The Framingham risk equation has been one of the most widely utilised and assessed scores. It is less widely recommended in patients with diabetes than previously, but is still recommended in some countries, including Australia unless other factors imply high risk, including age greater than 60 years, presence of microalbuminuria, moderate or severe chronic kidney disease, or markedly elevated systolic blood pressure or cholesterol [40]. The use of a score developed in a non-diabetes specific cohort established decades ago in a predominantly white town in the USA is debated [41]. This risk model has been externally validated in a number of diabetes populations, mostly showing reasonable discrimination (AUC 0.56–0.80) but poor calibration (p values <0.05 with the Hosmer-Lemeshow test) [31]. Since discrimination is based on the ability to score those who go on to have an event as higher than those who do not, and therefore relates to the importance of the risk factors included in the equation, it is not surprising that it is easily generalised from one population to another. However, calibration measures how well the absolute values translate. Thus, a score that underestimates everyone’s risk by 50% would have good discrimination (all those who have an event will have a higher score than those who don’t have an event), but poor calibration, as the annual predicted event rate would be 50% of the real rate. Recalibration can be used to update an old score to contemporary event rates and risk factor levels.
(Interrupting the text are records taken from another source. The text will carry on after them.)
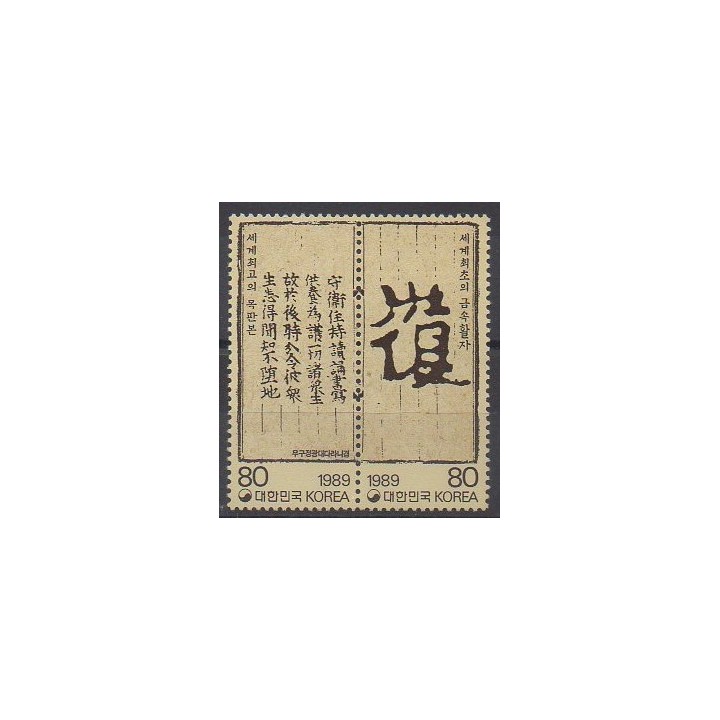 Acheter cette série de timbres de Corée du Sud de l'année 1989 (No 1430/1431).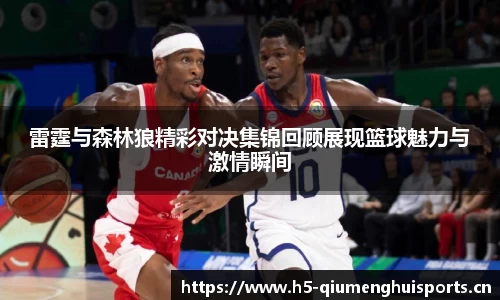 球盟会体育官网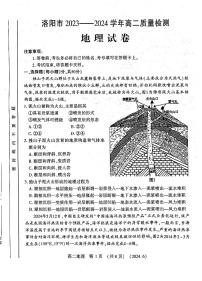 河南省洛阳市2023-2024学年高二下学期6月期末地理试题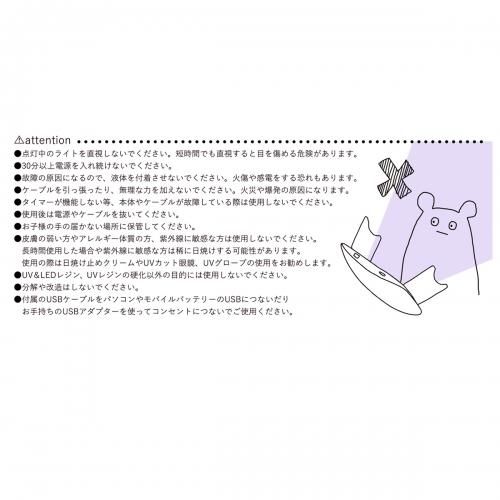 写真9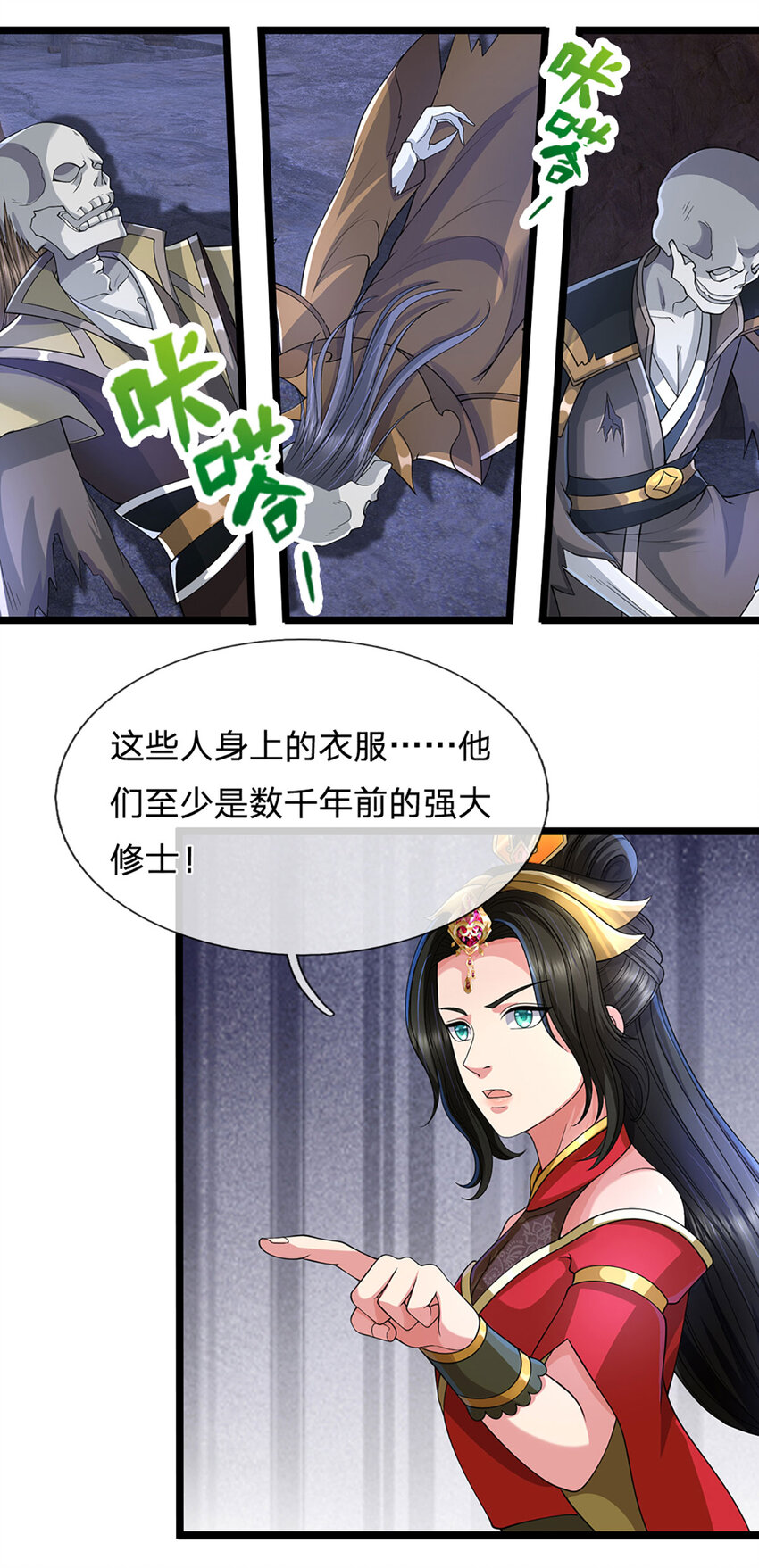 第30话 反击，殊死一搏-第30话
National Institute for Health and Care Excellence guidelines previously recommended use of the UKPDS risk engine but now suggest QRISK2 [29]. The UKPDS risk engine was developed in the trial cohort which enrolled patients with recently diagnosed diabetes. The QRISK2 score is not diabetes-specific having been developed using a large primary care database utilising individual level medical records linked to hospital admissions data. The model has recently been updated (QRISK3) using data from almost 8 million adult patients in the derivation cohort and almost 3 million in the validation cohort [42]. Three models are available for use depending on the patient data available, with the most comprehensive including 18 predictor variables. The outcome is 10-year risk of coronary heart disease, ischaemic stroke or transient ischaemic attack. The score is designed to be built into the electronic medical record and give a computer-generated result. It performed well in the validation cohort with Harrell’s C statistics (similar to AUC) of 0.858–0.880 across the 3 models in men and women, suggesting good discrimination. On average, the score explains almost 60% of the variability in time to diagnosis of cardiovascular disease (R2). However, among patients with known type 2 diabetes, it only explained 25.2% of the variability in women and 22.9% in men. Independent external validation studies have been performed of the earlier QRISK2 score, showing similar results to the validation studies performed within the GP database [42]. There hasn’t been an intervention trial to confirm the score’s clinical impact.